プランテックス 代表取締役社長 山田 耕資さん

「会社設立当初は、葉物を中心に普遍的に使える数式チャートを作り、それで植物の成長を管理するソフトウェアを作り上げて、既存植物工場の生産量を高めることを収益源としていました。

既存の植物工場にそのソフトウエアを入れて収穫量を上げる。例えば、ある工場では、ハードウェアを変えずに4ヵ月で収穫量が2倍になりました。

ただそこで分かってきたこととして、環境条件のばらつきによって生産量が安定しないということです。例えば温度を測ると、場所によっては5℃くらい違うんですよね。さまざまな環境条件がばらついていて、何がどれくらい悪さをしているかというのは、分からないのです。

それで2017年に『密閉型』というコンセプトで、これならば緻密に環境制御できるという栽培装置を提示し、資金調達したのです。これまでの植物工場が部屋全体で環境制御していたのに対して、装置自体を密閉し、装置内の狭い空間を高度に管理する、という考え方です。

実際に、その方式で装置を製作したところ、高度な環境制御が可能になりました。環境を緻密に制御できたことで、栽培面積あたりの生産性を高めることが可能になりました。
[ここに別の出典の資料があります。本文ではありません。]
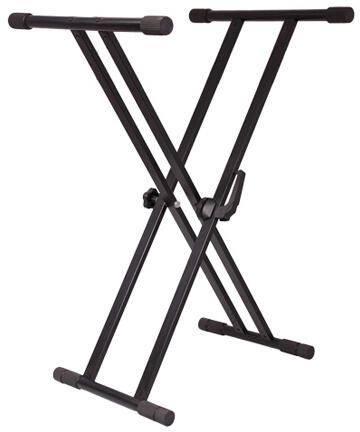 Stativ Orga Max 75kg, Negru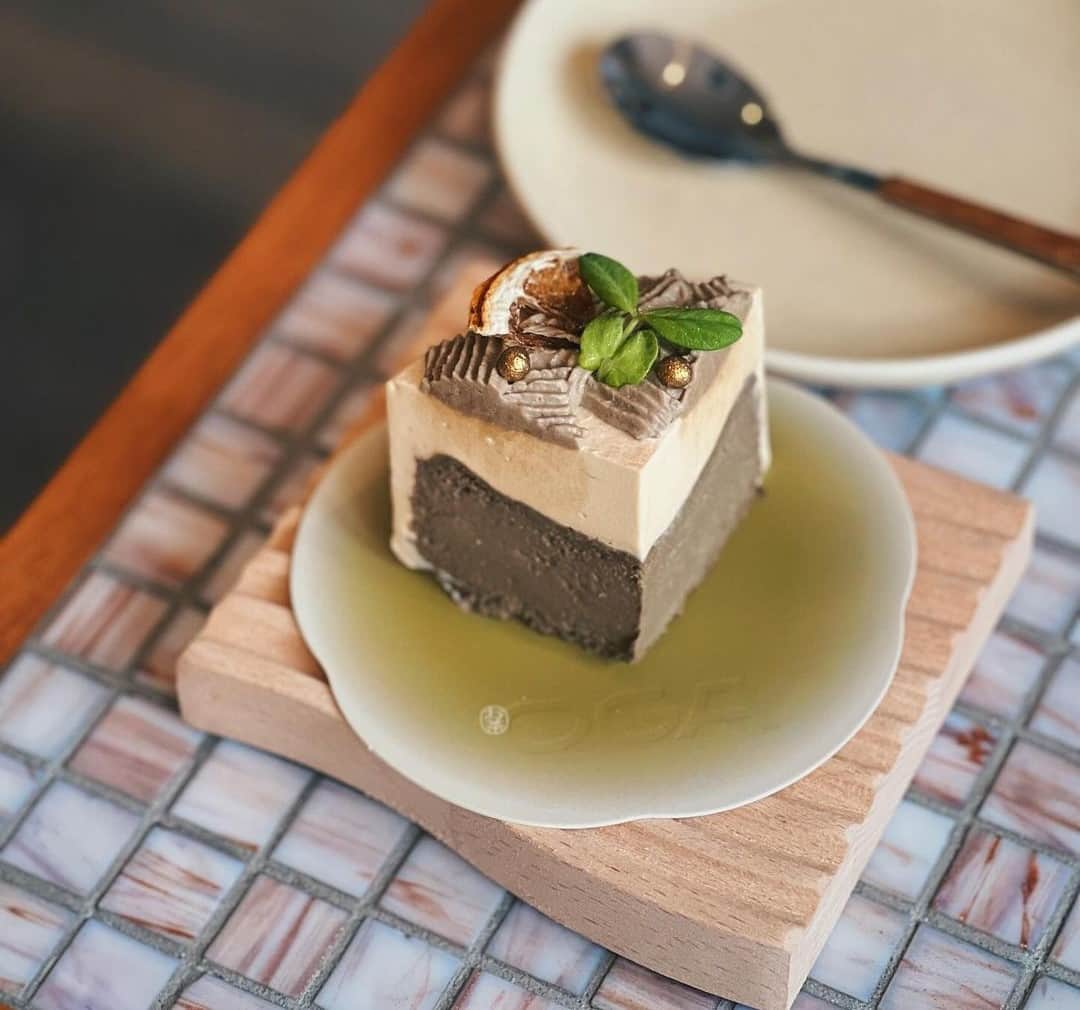 matcha desserts in klang valley - oga tea & dining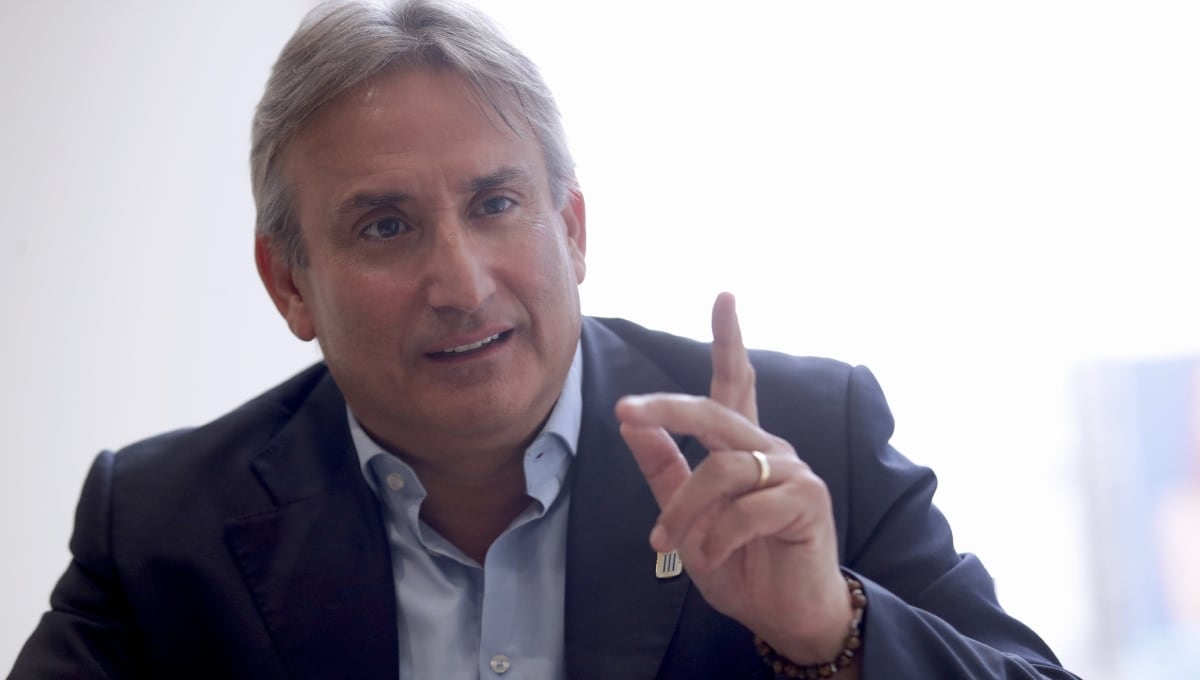 Jorge Zúñiga es el actual presidente de Aliancistas por el Perú, anteriormente conocido como Fondo Blanquiazul. (Foto: Alianza Lima)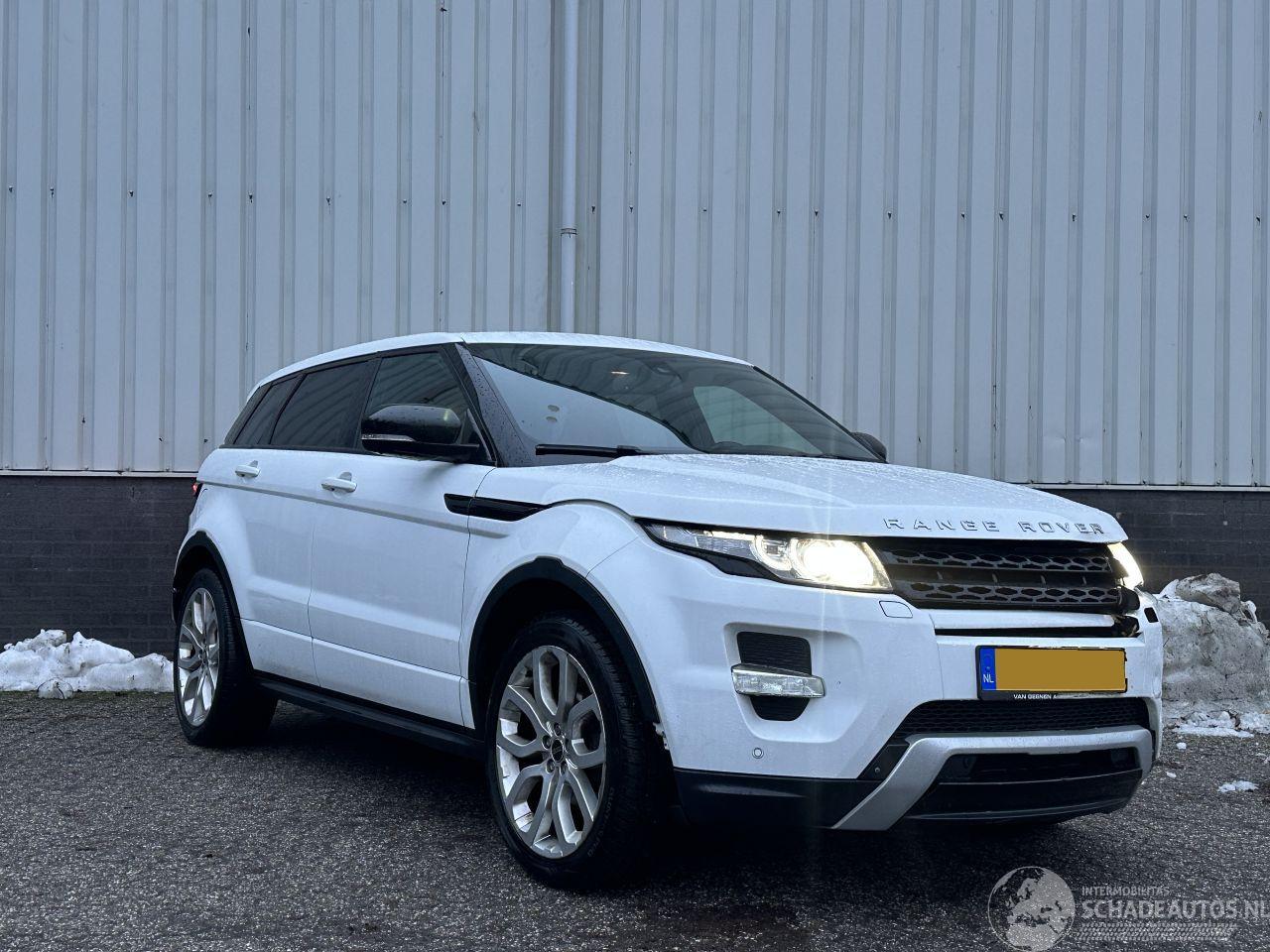 Land Rover Range Rover Evoque 2.0 4WD PURE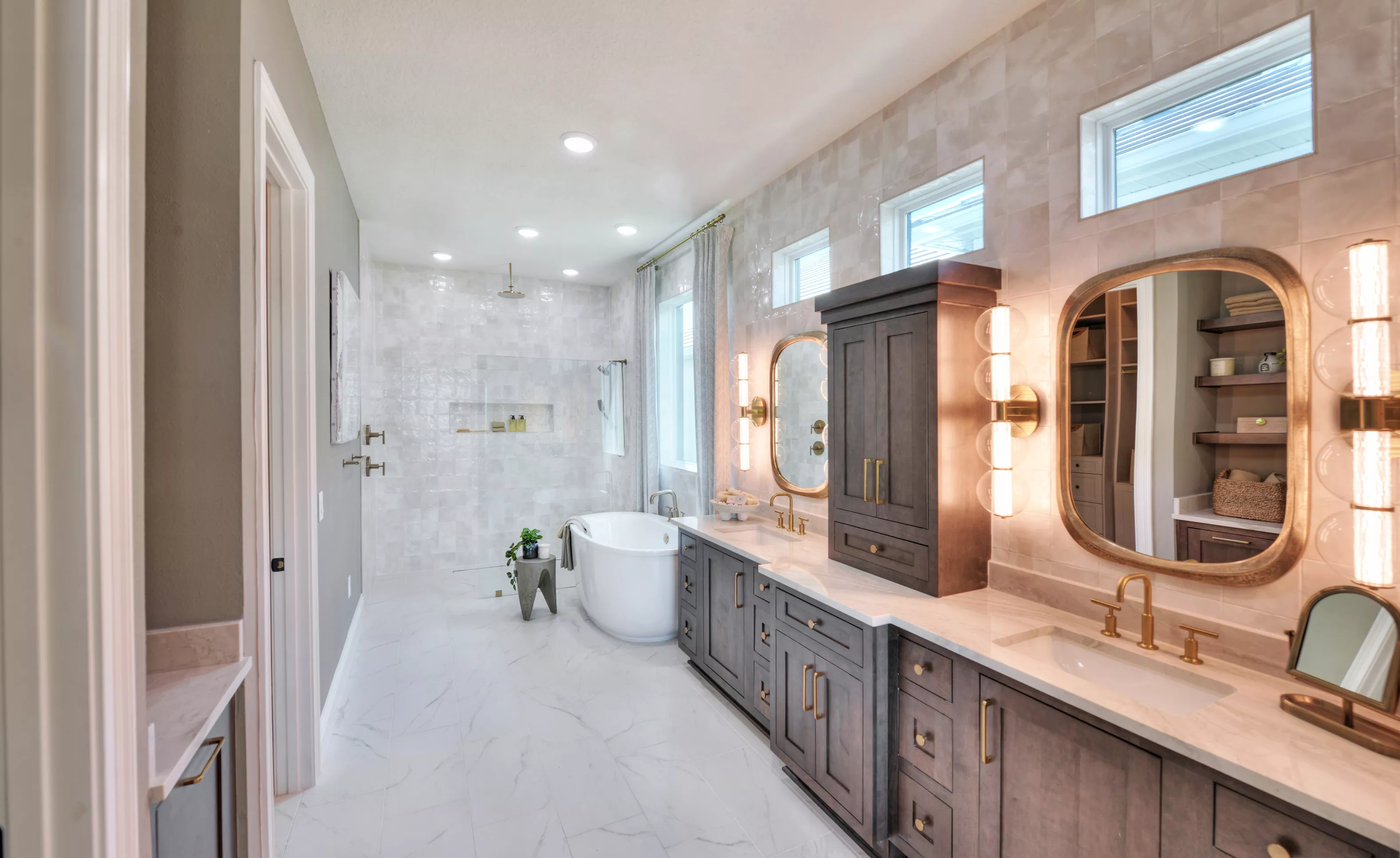 Brooklyn - Master Bathroom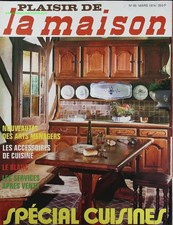 Spécial cuisine N° 95 - Plaisir de la maison - Livre magazine revue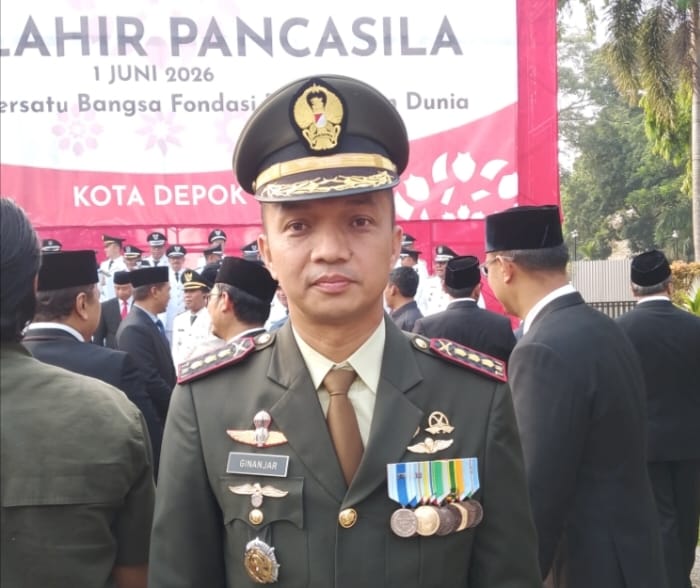 Kodim 0508 Depok Perkuat Porles Metro Depok Perangi Begal dan Premanisme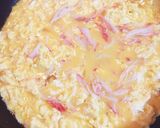 カニカマ天津飯作り方4写真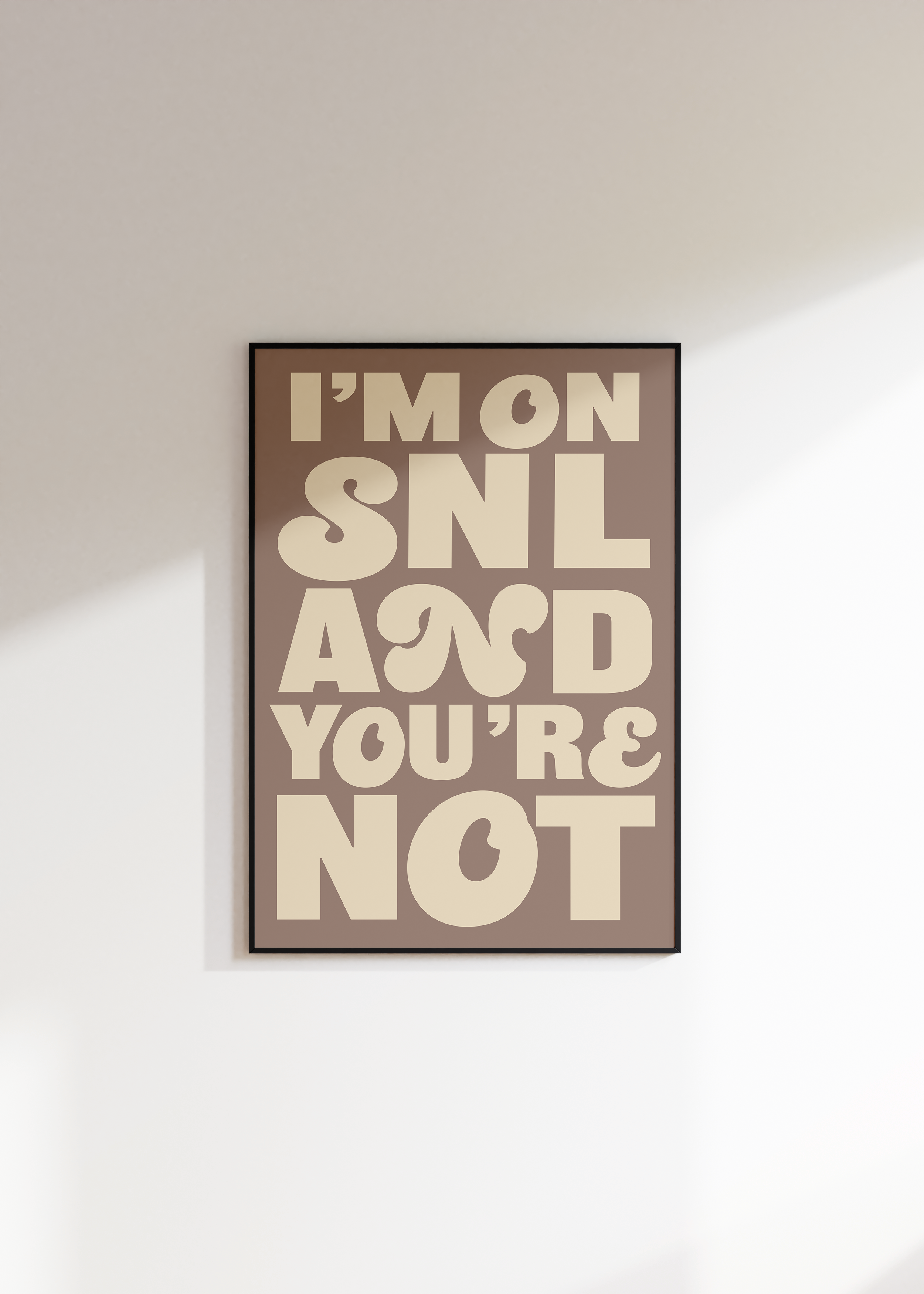 I'm On SNL And You're Not Digital Download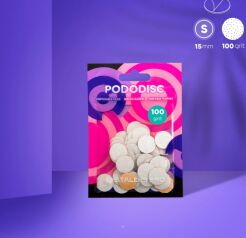 Staleks Pododisc wymienne nakładki S EXPERT 100gr. (50sztuk)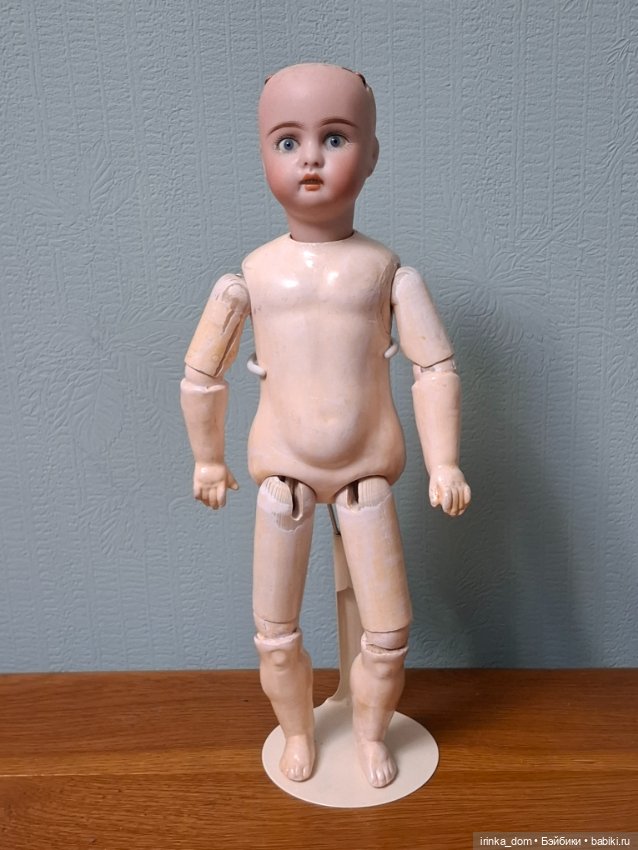 Антикварная кукла Bahr Proschild 247 DEP (фото 5)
今の生産性はオープン型植物工場の約5倍まで高められています」

植物工場がSDGsである理由は?

山田さん「省資源と言いましたが、管理のしやすさもさることながら、結局は植物工場の価値というのは、インプットを最小化してアウトプットを最大化することが持続可能性につながるということです。

それはSDGsの文脈でもコストの文脈でもイコールで、インプットを最小化してアウトプットを最大化するというところに、ビジネスチャンスもあるし、SDGsへの接続性もあるだろうと考えています」

肝心の味は?

山田さん「印象的なのは、重量を引き出す仮定で、自然と品質が上がっていった点です。それは結局、植物本来の味を引き出せているという話になっていくのかなと思います。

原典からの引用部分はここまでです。